Dawn comes with an inversion layer, traffic noise half-smothering the scattered notes of thrushes fresh from their night flights.
wood thrush
Wednesday September 07, 2022
Half an hour before sunrise, the first migrant wood thrush arrives at the woods’ edge, calling softly. A sneeze gathers in my sinuses.
Friday August 05, 2022
Rain and fog. A wood thrush sings three times and falls silent. A mourning dove goes on and on.
Saturday July 30, 2022
Cool and crystal-clear. A wood thrush sings as if it’s still nesting season. The western ridge turns red.
Thursday June 30, 2022
Another perfect morning. A wood thrush is singing next to the springhouse. The surrealism of it all when distilled into memory come December.
Monday June 27, 2022
Everything drips. A wood thrush chases a rival out of the woods and pauses in a spicebush for a look around.
Saturday May 14, 2022
The rain stops and the thrush singing at the woods’ edge is joined by warblers, flycatchers, pewee, thrasher, a hummingbird’s mad courtship flight…
Friday May 13, 2022
Cloudy with a 100% chance of warblers.

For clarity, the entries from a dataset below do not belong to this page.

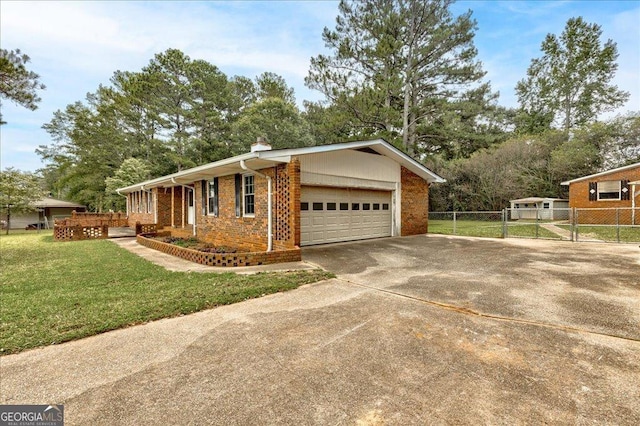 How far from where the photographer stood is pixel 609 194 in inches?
701

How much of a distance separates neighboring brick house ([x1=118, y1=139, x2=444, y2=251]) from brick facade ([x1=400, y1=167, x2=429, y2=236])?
0.14 feet

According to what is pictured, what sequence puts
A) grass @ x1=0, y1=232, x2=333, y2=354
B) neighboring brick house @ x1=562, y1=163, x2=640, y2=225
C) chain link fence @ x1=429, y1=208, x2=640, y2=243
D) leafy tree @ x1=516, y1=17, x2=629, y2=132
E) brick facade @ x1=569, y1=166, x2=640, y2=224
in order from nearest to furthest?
1. grass @ x1=0, y1=232, x2=333, y2=354
2. chain link fence @ x1=429, y1=208, x2=640, y2=243
3. neighboring brick house @ x1=562, y1=163, x2=640, y2=225
4. brick facade @ x1=569, y1=166, x2=640, y2=224
5. leafy tree @ x1=516, y1=17, x2=629, y2=132

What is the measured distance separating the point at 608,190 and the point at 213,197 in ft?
73.7

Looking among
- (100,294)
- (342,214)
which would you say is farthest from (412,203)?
(100,294)

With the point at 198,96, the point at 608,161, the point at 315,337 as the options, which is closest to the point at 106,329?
the point at 315,337

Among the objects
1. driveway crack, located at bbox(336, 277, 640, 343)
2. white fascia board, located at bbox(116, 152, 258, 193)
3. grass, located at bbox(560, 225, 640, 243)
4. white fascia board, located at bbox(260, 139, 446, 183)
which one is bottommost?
driveway crack, located at bbox(336, 277, 640, 343)

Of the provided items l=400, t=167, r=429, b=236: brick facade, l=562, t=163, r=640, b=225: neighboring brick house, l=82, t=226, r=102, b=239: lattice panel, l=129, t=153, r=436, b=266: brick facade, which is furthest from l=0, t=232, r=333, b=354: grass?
l=562, t=163, r=640, b=225: neighboring brick house

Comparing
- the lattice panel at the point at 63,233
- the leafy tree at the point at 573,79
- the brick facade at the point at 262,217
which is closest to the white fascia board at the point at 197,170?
the brick facade at the point at 262,217

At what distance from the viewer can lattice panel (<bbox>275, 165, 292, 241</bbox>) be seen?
781 cm

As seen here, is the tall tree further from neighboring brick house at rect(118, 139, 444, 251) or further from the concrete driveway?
the concrete driveway

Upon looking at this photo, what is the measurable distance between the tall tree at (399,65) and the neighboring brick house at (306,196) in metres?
8.71

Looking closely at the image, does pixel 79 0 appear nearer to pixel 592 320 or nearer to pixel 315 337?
pixel 315 337

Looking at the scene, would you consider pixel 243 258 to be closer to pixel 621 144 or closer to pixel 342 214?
pixel 342 214

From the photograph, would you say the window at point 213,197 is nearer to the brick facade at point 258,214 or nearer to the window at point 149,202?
the brick facade at point 258,214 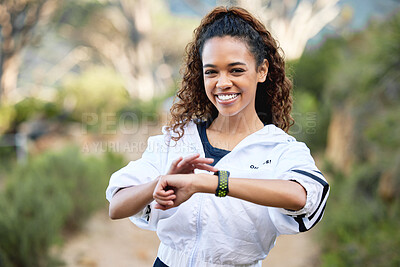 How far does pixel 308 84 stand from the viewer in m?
11.2

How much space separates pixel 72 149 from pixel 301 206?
5482mm

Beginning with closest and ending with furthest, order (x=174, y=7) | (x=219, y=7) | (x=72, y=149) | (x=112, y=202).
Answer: (x=112, y=202)
(x=219, y=7)
(x=72, y=149)
(x=174, y=7)

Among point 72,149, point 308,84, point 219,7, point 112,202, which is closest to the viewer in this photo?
point 112,202

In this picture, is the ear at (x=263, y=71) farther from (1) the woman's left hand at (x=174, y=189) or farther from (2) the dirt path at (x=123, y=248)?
(2) the dirt path at (x=123, y=248)

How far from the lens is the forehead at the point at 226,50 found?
1457mm

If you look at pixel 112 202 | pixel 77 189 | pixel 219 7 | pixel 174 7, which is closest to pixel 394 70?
pixel 219 7

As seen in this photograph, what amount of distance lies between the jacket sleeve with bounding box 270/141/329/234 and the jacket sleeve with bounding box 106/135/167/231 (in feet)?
1.34

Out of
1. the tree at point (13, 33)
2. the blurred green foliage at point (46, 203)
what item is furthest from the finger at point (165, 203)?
the tree at point (13, 33)

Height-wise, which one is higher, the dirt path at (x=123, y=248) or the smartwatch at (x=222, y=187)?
the smartwatch at (x=222, y=187)

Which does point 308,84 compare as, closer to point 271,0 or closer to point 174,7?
point 271,0

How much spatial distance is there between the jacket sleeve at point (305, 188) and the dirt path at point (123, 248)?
3.73 m

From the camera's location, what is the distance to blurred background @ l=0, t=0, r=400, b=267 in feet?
11.9

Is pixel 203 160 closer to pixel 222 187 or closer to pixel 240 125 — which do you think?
pixel 222 187

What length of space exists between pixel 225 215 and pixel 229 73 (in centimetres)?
47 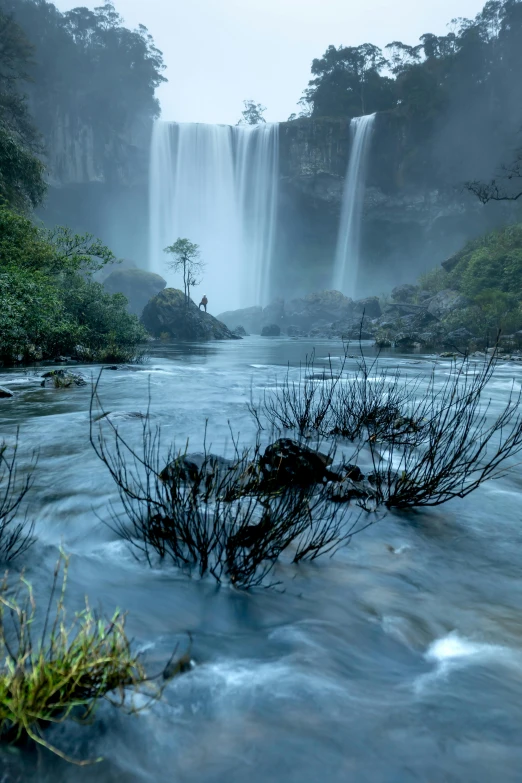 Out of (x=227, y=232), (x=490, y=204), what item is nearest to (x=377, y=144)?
(x=490, y=204)

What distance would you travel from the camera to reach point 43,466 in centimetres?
577

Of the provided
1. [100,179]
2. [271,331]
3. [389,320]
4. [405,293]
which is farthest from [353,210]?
[100,179]

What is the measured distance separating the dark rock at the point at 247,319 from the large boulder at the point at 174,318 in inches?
Result: 1143

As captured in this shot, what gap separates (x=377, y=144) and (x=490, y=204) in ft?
59.5

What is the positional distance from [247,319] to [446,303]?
43803mm

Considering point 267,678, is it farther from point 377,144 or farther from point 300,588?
point 377,144

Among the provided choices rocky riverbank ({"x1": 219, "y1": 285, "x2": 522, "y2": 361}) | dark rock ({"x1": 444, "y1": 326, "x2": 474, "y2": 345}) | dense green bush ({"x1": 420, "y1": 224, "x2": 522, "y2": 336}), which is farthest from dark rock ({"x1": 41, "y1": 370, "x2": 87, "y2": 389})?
dark rock ({"x1": 444, "y1": 326, "x2": 474, "y2": 345})

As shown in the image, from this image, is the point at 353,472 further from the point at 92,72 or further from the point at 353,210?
the point at 92,72

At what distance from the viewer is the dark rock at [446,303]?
130 ft

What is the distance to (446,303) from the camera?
138ft

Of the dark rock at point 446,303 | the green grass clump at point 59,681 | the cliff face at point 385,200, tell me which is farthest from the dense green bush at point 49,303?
the cliff face at point 385,200

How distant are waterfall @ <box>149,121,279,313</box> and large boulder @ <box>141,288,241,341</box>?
4025 cm

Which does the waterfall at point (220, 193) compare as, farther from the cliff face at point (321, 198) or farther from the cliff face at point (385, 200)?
the cliff face at point (385, 200)

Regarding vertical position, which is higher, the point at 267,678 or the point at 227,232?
A: the point at 227,232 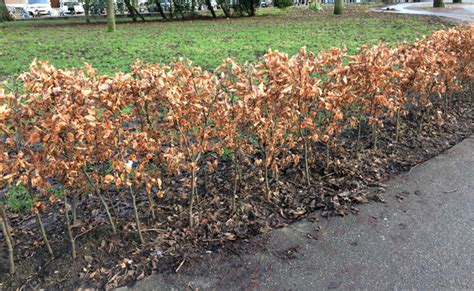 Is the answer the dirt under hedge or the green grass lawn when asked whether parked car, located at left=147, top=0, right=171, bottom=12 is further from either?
the dirt under hedge

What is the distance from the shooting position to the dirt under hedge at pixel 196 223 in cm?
278

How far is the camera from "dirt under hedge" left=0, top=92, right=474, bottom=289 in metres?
2.78

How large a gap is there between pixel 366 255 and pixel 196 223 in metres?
1.25

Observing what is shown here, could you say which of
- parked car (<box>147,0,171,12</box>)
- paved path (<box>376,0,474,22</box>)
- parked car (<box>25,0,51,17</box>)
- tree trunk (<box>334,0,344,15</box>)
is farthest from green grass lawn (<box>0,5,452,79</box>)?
parked car (<box>25,0,51,17</box>)

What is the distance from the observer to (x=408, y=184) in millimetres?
3922

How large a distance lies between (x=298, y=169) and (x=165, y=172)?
126 cm

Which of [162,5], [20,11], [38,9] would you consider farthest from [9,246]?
[38,9]

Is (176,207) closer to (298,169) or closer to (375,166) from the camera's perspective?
(298,169)

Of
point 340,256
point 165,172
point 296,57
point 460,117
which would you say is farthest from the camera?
point 460,117

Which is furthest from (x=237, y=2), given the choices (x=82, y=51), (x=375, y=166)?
(x=375, y=166)

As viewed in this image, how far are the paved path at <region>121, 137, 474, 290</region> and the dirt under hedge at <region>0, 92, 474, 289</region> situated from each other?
0.48 feet

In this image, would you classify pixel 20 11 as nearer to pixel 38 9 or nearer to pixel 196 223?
pixel 38 9

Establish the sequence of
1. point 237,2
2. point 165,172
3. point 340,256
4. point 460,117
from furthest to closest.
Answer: point 237,2
point 460,117
point 165,172
point 340,256

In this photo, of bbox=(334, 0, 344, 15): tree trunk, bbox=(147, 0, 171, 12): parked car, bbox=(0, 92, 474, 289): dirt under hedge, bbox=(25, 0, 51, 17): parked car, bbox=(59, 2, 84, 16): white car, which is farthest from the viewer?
bbox=(59, 2, 84, 16): white car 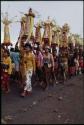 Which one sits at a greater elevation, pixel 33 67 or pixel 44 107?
pixel 33 67

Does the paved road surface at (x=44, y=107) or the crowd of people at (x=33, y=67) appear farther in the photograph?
the crowd of people at (x=33, y=67)

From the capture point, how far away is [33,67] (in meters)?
18.7

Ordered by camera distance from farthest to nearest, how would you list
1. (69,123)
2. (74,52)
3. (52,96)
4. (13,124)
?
(74,52) < (52,96) < (69,123) < (13,124)

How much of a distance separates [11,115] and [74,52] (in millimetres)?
16107

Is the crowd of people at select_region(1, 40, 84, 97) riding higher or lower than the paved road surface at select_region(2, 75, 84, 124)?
higher

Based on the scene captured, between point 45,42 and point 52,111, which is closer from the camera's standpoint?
point 52,111

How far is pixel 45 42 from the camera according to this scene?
26766 mm

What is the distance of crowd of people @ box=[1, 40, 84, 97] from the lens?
18500 millimetres

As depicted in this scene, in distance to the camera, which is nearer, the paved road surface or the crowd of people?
the paved road surface

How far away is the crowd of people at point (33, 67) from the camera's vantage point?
18.5 meters

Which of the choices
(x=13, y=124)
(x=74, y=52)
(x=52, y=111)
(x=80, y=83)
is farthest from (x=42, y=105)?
(x=74, y=52)

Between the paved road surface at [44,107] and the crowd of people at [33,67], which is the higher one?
the crowd of people at [33,67]

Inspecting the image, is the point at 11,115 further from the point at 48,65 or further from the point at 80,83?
the point at 80,83

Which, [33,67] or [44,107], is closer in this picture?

A wood thrush gets a drink from the stream and resumes singing. The smell of lilacs.
Monday September 20, 2021
Spring peeper just after moonset. Then whippoorwill. Wood thrush. Carolina wren. Phoebe. A pileated woodpecker cackles and it’s day.
Saturday July 24, 2021
Mid-morning, and a wood thrush lands in the walnut tree next to the driveway to sing a few bars. A net-winged beetle flies past.
Saturday June 12, 2021
Wet, but at least it’s not raining. Wood thrush, vireo and tanager songs mingle at the woods’ edge. The wingbeats of a catbird.
Friday May 21, 2021
Cool morning. The melancholy sweetness of a wood thrush song. At the woods’ edge, the small black cherry has gone to bloom.
Wednesday May 05, 2021
Agog at the intense green of a deciduous forest at leaf-out in the rain. The soundtrack: wood thrush, red-eyed vireo, least flycatcher.
Saturday June 27, 2020
Overcast and cool. The wood thrushes continue to call well past mid-morning. Beebalms are beginning to flaunt their spiky, scarlet coiffures.